Bu yasal düzenlemenin sorun yarattığı bir diğer alan ise lise bölümüydü. Zaten dört yıla çıkarıldığı zamandan bu yana problem her geçen gün artan liselerimizde şimdi de zorunlu eğitim kapsamına alınarak yeni problemlerimiz oldu. Elbette insanlarımızın daha uzun süre eğitim almış olması ülke açısından önemli bir hedef ancak biz bu kararları hazırlık yapmadan aldığımız için süreçlerimiz karabasana dönüşüyor. Liselerde geçmiş dönemden devam eden okul tiplerinin azaltılması kapsamında tüm düz liseler Anadolu lisesine dönüştürüldü. Eylül 2013 itibarıyla tamamlanan bu dönüşüm kayıt döneminde yaşanan kaotik anlarda anlık kararlarla atlatılmaya çalışıldı. Bu değişim zaten sorun yumağı haline gelmiş olan meslek liselerini başarısız çocuklar okulu olarak iyice damgalamış olmanın yanında anadolu liselerinin isimleri dışında başka eşit alanları olmayan garip bir okul türü yaptı. Çok programlı liseler kamuoyunun büyük bir kısmı hatta pek çok eğitimci tarafından anlaşılamayan bir lise türü. Bir diğer ilginç durumda, okulların açılmasına kısa bir süre kala yapılan yönetmelik değişikliği ile özel sağlık meslek lisesi için yapılan yatırımları amaçsız hale getirdi. Elbette bu konu kontrol altında olmalı ancak düzenlemeler en azından bir yıl öncesinden yapılamlı.
Öğretmen krizi kapıda
Öğretmen atamalarında nispeten yüksek sayıda atama gerçekleşirken 120 bin civarı olan öğretmen açığımız halen ücretli öğretmenler ile çözülüyor. Hatta bu kişilerin bazıları yükseköğretim mezunu bile değiller... Eğitim fakültelerinin kontenjanlarında yapılan düzenlemler önümüzdeki yıllarda 300 bin civarında atama bekleyen öğretmen krizini bize işaret ediyor. Okul müdürlerinin rotasyonu ve etkileri tartışılırken merkez teşkilat çalışanlarının da rotasyonu konuşulduğu sırada gelen bakan değişimi biraz havayı değiştirdi. Gezi olayları sonrası öğretmenlerin ve okul yöneticilerinin bu olaylar esnasında gösterdikleri tutum tartışıldı ve dahası bazı il ve ilçelerde eğitimciler soruşturuldular.

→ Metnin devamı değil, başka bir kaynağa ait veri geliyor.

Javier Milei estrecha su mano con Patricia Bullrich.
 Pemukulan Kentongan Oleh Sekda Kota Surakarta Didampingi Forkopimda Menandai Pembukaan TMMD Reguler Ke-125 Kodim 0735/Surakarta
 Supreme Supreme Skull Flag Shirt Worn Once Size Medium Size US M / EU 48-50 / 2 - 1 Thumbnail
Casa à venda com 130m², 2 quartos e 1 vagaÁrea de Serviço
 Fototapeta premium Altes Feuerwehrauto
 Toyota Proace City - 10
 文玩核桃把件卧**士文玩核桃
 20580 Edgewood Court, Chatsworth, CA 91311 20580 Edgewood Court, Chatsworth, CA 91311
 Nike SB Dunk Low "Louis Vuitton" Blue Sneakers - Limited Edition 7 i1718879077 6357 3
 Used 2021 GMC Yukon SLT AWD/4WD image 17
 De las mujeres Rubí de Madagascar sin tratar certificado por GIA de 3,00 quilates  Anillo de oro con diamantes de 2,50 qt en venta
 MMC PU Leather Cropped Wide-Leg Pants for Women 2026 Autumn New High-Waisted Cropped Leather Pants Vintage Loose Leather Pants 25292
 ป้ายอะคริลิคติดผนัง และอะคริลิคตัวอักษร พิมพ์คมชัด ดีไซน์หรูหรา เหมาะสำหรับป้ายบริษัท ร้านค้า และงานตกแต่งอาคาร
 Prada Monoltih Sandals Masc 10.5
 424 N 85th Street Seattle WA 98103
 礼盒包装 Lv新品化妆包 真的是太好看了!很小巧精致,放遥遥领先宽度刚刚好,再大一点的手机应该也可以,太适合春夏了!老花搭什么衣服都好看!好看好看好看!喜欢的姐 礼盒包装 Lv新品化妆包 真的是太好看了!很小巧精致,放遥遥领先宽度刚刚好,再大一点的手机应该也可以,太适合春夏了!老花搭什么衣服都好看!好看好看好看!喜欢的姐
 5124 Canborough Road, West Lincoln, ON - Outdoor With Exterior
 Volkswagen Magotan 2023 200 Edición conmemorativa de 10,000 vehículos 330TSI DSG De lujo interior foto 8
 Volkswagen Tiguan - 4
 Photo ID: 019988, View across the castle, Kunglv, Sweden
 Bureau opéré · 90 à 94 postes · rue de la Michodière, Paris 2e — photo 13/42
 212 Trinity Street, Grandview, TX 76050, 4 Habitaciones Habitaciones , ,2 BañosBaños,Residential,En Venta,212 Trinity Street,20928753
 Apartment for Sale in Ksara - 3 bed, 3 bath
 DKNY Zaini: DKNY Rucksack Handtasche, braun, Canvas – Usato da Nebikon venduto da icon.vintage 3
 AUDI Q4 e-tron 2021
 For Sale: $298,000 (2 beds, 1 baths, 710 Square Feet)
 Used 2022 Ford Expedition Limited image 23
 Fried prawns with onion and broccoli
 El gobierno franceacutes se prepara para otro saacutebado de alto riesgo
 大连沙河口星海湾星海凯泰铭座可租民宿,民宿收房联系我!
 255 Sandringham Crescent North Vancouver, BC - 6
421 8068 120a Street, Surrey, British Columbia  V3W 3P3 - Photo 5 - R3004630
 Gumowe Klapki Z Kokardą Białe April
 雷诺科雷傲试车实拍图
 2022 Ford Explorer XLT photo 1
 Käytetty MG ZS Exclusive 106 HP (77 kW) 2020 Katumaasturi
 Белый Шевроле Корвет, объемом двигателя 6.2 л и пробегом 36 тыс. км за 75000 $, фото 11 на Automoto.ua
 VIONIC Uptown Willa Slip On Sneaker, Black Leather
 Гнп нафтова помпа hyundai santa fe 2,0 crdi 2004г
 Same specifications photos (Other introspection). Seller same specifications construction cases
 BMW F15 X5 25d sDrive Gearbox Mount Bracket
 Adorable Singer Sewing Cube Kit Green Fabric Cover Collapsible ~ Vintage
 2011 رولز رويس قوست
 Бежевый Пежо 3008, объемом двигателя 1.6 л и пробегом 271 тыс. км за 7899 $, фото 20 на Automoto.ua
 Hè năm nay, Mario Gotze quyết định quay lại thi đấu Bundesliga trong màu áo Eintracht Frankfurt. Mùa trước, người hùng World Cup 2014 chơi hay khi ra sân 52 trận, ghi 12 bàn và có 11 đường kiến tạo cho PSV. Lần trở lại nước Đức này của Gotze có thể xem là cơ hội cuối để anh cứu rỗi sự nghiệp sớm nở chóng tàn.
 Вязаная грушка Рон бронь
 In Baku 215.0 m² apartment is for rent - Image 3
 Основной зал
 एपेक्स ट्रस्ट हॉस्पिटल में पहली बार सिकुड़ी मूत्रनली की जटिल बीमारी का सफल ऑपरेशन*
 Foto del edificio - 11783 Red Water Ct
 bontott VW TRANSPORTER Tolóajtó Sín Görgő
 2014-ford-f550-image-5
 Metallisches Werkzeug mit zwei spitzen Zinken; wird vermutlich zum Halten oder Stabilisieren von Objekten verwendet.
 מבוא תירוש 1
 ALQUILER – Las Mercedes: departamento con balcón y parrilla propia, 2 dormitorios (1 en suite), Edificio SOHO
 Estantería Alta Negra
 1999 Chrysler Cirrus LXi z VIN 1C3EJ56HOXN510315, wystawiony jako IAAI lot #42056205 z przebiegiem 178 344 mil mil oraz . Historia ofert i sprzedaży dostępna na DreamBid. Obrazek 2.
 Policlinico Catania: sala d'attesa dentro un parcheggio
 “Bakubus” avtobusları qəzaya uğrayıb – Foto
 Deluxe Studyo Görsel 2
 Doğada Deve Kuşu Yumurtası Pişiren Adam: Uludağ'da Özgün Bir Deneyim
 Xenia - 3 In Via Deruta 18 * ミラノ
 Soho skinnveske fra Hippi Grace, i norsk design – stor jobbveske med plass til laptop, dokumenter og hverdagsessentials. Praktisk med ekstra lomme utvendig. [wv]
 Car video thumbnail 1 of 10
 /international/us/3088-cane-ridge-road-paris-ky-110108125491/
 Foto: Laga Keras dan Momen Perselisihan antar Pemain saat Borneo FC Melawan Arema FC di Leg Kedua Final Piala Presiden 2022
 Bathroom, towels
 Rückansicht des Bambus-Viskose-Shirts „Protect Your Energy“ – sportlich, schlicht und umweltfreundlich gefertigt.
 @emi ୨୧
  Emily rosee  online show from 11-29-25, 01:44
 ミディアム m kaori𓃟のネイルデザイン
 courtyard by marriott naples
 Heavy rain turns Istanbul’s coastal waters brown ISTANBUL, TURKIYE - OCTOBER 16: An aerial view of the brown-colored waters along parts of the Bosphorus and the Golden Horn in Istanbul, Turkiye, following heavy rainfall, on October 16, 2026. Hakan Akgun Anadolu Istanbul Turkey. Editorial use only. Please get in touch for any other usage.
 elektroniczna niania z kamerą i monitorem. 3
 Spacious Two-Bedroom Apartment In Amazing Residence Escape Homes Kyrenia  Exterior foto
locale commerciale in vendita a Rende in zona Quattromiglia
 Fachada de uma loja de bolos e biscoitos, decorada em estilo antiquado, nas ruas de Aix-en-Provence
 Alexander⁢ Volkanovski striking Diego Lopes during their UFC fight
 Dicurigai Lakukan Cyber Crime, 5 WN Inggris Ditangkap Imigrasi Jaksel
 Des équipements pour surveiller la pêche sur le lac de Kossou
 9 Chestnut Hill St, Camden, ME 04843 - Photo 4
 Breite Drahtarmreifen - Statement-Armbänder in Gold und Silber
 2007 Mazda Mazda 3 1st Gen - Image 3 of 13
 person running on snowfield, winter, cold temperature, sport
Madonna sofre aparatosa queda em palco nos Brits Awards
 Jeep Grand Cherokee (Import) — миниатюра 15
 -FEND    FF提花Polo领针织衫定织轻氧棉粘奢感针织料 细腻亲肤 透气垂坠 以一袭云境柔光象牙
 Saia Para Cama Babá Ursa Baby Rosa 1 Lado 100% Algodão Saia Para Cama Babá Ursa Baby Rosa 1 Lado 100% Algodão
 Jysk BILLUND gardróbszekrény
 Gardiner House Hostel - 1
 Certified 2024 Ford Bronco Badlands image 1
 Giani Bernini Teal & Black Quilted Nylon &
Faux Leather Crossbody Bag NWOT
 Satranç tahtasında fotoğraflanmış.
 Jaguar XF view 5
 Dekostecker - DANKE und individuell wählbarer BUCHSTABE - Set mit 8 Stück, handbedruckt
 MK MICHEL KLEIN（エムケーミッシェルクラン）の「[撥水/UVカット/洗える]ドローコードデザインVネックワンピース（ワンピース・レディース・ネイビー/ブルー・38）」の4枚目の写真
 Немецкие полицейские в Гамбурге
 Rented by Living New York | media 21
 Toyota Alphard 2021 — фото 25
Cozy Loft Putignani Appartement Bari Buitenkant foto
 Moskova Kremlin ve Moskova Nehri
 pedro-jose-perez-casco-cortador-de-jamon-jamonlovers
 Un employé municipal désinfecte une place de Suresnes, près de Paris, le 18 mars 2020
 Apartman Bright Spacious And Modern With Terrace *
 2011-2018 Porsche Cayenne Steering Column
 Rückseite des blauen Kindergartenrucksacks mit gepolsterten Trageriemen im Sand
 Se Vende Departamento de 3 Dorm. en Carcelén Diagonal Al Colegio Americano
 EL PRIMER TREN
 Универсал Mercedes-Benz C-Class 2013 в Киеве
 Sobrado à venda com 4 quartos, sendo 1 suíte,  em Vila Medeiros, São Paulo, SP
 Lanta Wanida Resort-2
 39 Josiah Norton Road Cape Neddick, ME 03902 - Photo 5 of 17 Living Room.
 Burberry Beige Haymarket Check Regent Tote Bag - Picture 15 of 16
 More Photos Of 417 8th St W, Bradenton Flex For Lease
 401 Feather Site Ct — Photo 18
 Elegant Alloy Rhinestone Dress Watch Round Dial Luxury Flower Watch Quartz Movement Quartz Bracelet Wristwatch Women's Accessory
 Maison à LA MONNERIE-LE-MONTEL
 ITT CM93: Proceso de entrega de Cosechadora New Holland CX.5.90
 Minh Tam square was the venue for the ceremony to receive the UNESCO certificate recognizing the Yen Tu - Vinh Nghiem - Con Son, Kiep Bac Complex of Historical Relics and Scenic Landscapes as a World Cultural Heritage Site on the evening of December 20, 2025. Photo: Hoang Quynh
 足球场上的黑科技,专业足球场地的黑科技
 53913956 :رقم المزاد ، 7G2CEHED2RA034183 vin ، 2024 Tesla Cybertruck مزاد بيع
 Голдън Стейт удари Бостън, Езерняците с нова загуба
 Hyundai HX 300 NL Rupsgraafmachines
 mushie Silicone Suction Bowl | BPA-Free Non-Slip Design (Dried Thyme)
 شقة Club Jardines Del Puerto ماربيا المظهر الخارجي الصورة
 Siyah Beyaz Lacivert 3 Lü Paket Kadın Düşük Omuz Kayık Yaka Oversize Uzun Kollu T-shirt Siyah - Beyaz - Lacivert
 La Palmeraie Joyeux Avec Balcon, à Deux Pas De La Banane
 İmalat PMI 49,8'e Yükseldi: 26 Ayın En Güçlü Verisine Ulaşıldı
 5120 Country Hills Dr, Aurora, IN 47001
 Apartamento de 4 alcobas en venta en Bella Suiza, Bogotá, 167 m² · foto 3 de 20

Bu yıl boyunca değişmeyen öğretmenlik sorunlarından birisi de yeni mezun öğretmenler dezavantajlı bölgelere ve hatta tek öğretmenli, birleştirilmiş sınıflara atanmaya devam etti. Öğretmenlerin özellikle mesleğin ilk yıllarında etraflarında olan deneyimli meslektaşlarının mentörlüğü ile daha hızlı ve iyi yetiştiğini araştırmalar gösteriyor. Bizim ülkemizde ise özellikle köy okullarına ve kendisi gibi genç, yeni mezunların bulunduğu bölgelerdeki okullara atanıyor.
Öğretmen açığının bulunduğu rehberlik, özel eğitim gibi alanlarda bu yıl da kurs programları ile öğretmenlerin alanları dönüştürüldü. Bu elbette ihtiyacın çok önemli olan bu alanlarda çözüm arayışının sonucudur. Öte yandan açılan kursların içeriği, süresi ve uygulanışı göz önüne alındığında nasıl bir facia ile karşı karşıya olduğumuzu anlamak zor değil. Üstelik son derece önemli olan psikolojik danışma ve rehberlik alanı, özel eğitim öğretmenliği alanlarında büyük problemlerin yakında doğması şaırtıcı olmayacak. Bu proramların en azından bir eğitim yılı olması ve alan uzmanlarınca nitelikli şekilde uygulanması sağlanmalı.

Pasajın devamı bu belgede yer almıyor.